TAMPA (Oct. 22, 2018)—Hillsborough County Court Clerk Pat Frank and two other Florida court clerks today challenged the constitutionality of a legislative scheme that diverts millions of dollars from the state’s court clerks.
The attached lawsuit, filed in Leon County Circuit Court against the Florida Department of Revenue, asserts that the Florida Legislature placed an unconstitutional cap on the fees that court clerks collect from their local constituents, who are not receiving the level of services required under the state Constitution.
Besides Pat Frank, the plaintiffs include Lee County Clerk Linda Doggett, Santa Rosa County Clerk Don Spencer and two Hillsborough County Clerk’s Office employees.
The unconstitutional scheme advanced by the Florida Legislature has taken a heavy toll on clerks’ budgets. Tens of millions of dollars were diverted from the state’s 67 court clerks to pay for unrelated state spending. The Hillsborough Clerk’s budget alone has been cut by $10 million and the number of employees reduced by 25 percent.
The Legislature did this in two ways. First, through a revenue distribution formula it created in 2008 involving 19 different fees.
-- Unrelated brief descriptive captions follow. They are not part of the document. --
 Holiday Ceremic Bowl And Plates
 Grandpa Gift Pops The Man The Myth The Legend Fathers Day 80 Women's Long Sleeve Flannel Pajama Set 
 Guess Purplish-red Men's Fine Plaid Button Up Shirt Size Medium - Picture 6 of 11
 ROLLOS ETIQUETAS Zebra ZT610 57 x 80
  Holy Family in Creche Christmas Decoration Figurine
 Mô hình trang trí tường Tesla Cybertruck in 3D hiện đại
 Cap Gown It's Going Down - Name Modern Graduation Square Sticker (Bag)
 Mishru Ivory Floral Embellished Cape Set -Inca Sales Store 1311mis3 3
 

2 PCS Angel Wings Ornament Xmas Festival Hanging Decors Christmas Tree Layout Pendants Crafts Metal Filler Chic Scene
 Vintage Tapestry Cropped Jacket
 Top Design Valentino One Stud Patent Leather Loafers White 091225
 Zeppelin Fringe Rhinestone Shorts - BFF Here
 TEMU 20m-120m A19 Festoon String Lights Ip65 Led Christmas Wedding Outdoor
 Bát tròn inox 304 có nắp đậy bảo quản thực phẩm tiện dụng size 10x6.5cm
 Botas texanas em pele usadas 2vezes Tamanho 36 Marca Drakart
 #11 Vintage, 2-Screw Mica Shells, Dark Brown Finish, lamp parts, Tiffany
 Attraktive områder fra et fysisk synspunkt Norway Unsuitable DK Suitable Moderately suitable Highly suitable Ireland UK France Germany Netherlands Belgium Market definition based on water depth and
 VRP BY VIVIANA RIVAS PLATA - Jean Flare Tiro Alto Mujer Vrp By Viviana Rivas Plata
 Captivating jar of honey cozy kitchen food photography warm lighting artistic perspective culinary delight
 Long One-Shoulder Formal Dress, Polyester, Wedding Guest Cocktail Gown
The new formula, however, was not incorporated into Florida statutes and therefore expired in 2009. Despite this, the Department of Revenue continues to follow the expired law.
In addition, the Legislature placed an unconstitutional revenue cap on all Clerks through the state Revenue Estimating Conference. “The cap establishes an artificial, arbitrary and unconstitutional funding level that bears no relationship to Clerks’ actual costs or the ‘adequate and appropriate’ level of funding mandated by the Florida Constitution,” the lawsuit states.
The Legislature created the Florida Court Clerks Operations Corporation to determine clerk funding based on actual costs. But regardless of how much money the clerks collect each year or their needs as determined by the corporation, the clerks’ spending cannot exceed the revenue cap.
“The legislature cannot shirk its responsibility to provide ‘adequate and appropriate’ funding for the Clerks by capping their available funding based on estimated available revenues,” the lawsuit states, adding: “The statutory criteria used bear no relationship to actual constitutional standards.”
“As a former member of the state House and the state Senate, I know how difficult it is to prepare an annual budget for a state the size of Florida,” said Pat Frank. “But the Legislature has a duty to follow the Constitution just as I do. “
The lawsuit was filed by Florida constitutional law expert Jon Mills, a former Florida speaker of the House who co-authored the 1998 Constitutional amendment regarding Clerk funding.